While spending much of his time in New York, he died in 1935 in Chattanooga after becoming ill at a restaurant in a still-standing building across Georgia Avenue from the Hamilton County Courthouse.


But before he arrived in Chattanooga, the Cincinnati native spent some of his early years in Knoxville after the Civil War learning the newspaper trade.


It was due to that connection that he was honored this week in Knoxville with the unveiling of a plaque in Market Square near the former location of the Knoxville paper that employed him. It had come about through the efforts of the East Tennessee Chapter of the Society of Professional Journalists.

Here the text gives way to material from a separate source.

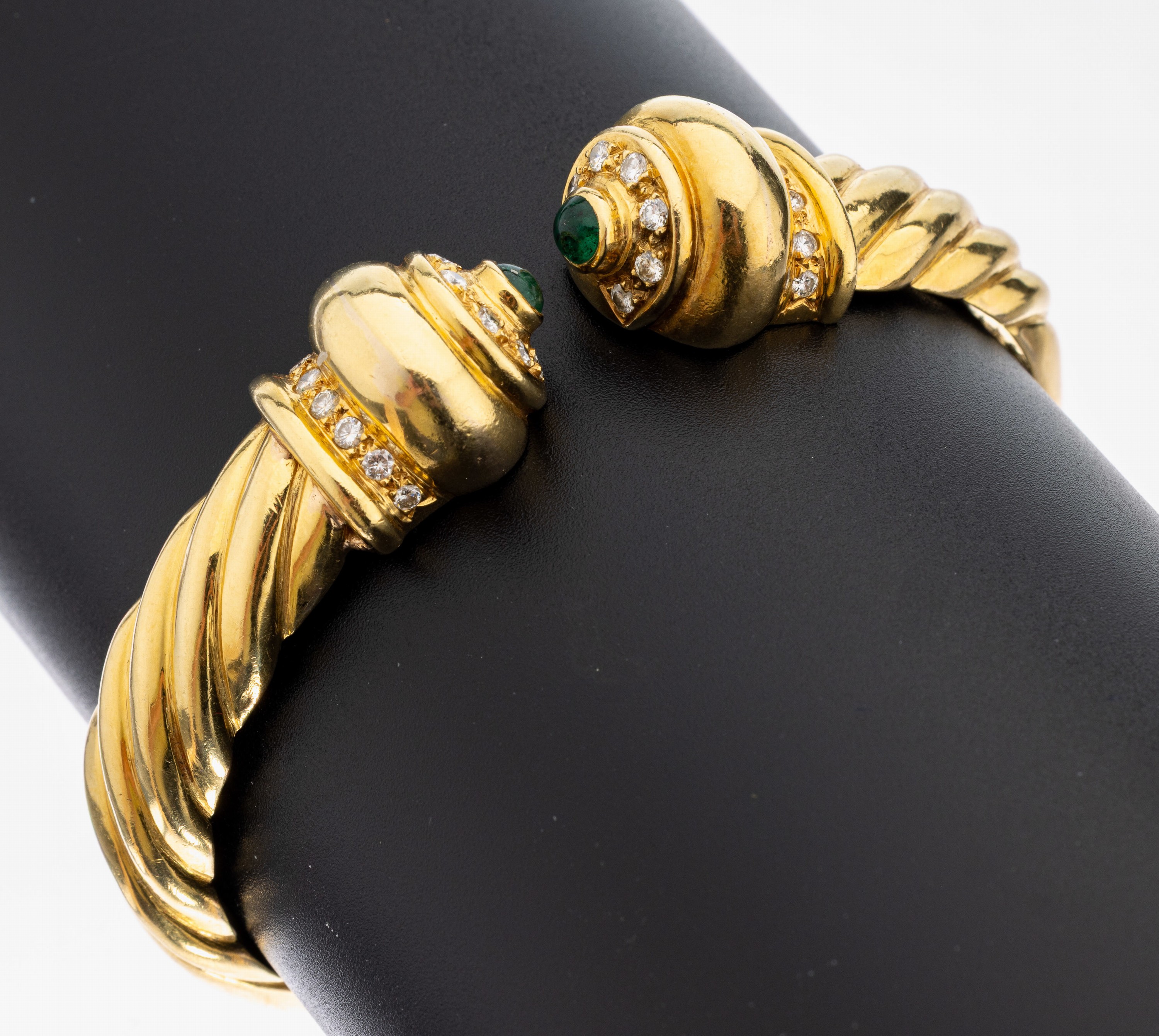 18 kt Gold Brillant-Smaragd-Armspange, GG 750/000, 28 Brillanten zus. ca. 0.80 ct Weiß/si, 2 Smaragd-Cabochons zus. ca. 0.22 ct,1 Stein besch., D. ...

Since I still also contribute on a freelance basis to a publication in Knoxville connected to the News Sentinel, I attended and covered the unveiling of the plaque at the nice ceremony.


Knoxville Mayor Indya Kincannon spoke at the event, and she said she did not know until later in her life that Mr. Ochs had connections to Knoxville.


“I am a longtime reader of the New York Times,” she said. “It’s an amazing newspaper and I had no idea at the time that the person who took that newspaper from sort of a small-town edition with many competitors to the paper of record for now for the world was a homegrown talent from right here in Knoxville, Tn.”


While some have scrutinized Mr. Ochs and his family’s support of Confederate memorial causes years ago and the time in which he lived, he has been praised by observers for bringing objectivity to readers other than on the editorial pages or opinion columns. He also was known for bringing more feature-like offerings to newspaper readers.


Mayor Kincannon also called the dedication an homage to the importance of journalism in a democracy.


“Not all heroes wear capes, and I sometimes have my hard times with journalists, but you hold me accountable, and you hold the city of Knoxville accountable, and you keep the city of Knoxville informed,” she said.


The same could likely be said for Mr. Ochs’ positive journalistic influence on the city of Chattanooga as well.


And by the way, two of his great-grandchildren - career New York Times executive Michael Golden and noted author Arthur Golden - attended Baylor. And other Ochs relatives have attended Girls Preparatory School. Whether any of them followed Friday night’s game “without fear or favor,” I am not sure!